Below are the entries. Transcribe exactly the lines from the one with "Actually, I Can" through the one with "功勋在线观看免费完整版 苏姿", ends included, and leave out all others.

Material provided: Begin

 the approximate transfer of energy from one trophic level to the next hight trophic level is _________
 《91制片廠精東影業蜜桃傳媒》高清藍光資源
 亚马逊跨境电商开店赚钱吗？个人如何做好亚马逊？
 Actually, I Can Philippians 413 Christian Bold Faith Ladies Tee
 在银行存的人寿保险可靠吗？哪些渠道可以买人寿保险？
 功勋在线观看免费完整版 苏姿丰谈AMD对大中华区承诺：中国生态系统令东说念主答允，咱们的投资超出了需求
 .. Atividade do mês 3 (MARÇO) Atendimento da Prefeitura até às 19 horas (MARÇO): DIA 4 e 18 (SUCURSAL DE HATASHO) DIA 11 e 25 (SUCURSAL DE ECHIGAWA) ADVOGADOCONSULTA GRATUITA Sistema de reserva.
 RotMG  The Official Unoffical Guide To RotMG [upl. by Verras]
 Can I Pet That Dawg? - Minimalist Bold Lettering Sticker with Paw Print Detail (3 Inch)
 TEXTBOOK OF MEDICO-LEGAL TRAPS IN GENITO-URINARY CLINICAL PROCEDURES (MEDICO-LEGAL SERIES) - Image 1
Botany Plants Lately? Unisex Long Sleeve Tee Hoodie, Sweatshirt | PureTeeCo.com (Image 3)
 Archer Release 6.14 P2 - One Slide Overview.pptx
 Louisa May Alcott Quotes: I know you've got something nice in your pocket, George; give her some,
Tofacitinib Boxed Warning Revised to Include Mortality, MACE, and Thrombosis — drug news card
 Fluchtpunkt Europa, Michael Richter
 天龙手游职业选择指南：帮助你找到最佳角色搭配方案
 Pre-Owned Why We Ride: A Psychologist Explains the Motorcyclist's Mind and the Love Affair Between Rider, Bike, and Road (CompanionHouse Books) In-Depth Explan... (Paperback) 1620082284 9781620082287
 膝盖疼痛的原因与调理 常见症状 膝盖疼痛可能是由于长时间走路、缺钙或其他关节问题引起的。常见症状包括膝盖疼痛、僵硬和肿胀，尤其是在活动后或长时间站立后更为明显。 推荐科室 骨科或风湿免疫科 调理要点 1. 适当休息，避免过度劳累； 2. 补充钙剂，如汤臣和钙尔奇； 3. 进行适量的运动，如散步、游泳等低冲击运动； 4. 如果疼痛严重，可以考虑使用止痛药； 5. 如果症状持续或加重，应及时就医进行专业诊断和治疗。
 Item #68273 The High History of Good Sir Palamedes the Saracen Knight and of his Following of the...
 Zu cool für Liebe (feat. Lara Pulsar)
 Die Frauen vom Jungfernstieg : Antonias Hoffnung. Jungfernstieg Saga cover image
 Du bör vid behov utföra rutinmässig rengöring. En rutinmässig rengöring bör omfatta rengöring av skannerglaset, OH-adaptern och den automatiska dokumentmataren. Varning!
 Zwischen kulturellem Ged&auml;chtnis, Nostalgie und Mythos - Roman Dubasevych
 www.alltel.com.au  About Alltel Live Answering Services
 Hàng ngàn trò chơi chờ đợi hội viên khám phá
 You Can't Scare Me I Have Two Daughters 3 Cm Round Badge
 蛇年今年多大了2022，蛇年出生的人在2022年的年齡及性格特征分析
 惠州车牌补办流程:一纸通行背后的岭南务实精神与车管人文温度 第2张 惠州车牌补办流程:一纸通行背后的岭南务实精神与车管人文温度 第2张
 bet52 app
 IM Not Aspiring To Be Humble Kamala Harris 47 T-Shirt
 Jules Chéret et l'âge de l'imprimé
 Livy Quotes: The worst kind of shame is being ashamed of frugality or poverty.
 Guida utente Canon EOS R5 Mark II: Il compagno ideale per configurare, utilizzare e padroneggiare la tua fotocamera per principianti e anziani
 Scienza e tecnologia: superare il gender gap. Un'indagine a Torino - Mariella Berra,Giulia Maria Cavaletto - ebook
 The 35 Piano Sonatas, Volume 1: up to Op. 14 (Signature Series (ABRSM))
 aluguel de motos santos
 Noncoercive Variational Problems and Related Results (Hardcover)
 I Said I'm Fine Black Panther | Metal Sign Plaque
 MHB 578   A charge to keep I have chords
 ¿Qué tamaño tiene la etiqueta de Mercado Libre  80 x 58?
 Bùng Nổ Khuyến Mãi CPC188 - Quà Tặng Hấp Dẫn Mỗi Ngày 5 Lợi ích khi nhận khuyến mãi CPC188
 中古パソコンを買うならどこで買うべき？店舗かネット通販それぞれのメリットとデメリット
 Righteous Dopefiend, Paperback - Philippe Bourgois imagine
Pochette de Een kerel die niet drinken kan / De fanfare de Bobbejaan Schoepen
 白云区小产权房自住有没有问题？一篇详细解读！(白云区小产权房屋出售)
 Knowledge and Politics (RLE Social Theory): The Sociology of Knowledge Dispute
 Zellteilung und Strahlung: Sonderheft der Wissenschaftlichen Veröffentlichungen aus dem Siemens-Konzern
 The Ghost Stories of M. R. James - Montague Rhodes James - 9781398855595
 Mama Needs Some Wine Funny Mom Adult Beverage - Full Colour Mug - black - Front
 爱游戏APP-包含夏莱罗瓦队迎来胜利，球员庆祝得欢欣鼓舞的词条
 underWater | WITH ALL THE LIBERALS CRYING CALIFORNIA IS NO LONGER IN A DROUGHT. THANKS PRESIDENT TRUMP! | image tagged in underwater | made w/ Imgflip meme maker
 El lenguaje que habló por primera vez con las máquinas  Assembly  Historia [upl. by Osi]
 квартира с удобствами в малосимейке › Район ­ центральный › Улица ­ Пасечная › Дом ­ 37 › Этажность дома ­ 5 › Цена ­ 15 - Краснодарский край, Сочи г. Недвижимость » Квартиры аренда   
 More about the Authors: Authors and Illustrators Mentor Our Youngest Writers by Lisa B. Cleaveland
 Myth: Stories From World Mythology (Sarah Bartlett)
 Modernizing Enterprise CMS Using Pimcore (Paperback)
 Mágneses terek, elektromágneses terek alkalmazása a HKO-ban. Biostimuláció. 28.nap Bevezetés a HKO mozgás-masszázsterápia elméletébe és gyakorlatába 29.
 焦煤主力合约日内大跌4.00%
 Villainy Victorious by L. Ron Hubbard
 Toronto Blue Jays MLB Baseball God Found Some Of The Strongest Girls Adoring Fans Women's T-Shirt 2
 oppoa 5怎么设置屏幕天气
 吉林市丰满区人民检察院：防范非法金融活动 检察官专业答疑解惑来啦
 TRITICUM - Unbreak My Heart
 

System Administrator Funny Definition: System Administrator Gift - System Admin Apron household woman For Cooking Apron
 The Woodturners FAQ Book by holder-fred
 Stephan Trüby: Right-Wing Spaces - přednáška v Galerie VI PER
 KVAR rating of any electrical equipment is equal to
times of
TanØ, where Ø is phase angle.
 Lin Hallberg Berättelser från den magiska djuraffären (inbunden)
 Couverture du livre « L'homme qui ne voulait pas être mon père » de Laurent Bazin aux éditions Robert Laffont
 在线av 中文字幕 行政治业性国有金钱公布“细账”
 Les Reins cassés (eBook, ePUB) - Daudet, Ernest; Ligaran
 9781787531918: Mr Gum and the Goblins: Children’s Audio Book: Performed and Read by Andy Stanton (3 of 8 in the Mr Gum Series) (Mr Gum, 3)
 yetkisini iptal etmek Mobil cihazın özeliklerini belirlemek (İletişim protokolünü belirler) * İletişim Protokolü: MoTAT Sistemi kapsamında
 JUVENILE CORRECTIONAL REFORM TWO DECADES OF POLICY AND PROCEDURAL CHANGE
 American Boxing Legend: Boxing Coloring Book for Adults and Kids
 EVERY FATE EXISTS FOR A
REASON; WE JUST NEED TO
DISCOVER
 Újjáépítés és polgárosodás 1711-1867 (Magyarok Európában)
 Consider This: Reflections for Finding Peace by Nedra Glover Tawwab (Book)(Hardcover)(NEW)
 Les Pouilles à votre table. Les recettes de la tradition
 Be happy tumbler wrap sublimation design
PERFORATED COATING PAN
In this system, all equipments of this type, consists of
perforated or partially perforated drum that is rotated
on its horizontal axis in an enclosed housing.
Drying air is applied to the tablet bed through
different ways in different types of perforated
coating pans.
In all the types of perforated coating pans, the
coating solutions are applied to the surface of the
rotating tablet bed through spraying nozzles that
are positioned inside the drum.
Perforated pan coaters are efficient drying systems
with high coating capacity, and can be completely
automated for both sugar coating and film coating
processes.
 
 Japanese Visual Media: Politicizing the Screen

Material provided: End

Worked solution:
 Actually, I Can Philippians 413 Christian Bold Faith Ladies Tee
 在银行存的人寿保险可靠吗？哪些渠道可以买人寿保险？
 功勋在线观看免费完整版 苏姿丰谈AMD对大中华区承诺：中国生态系统令东说念主答允，咱们的投资超出了需求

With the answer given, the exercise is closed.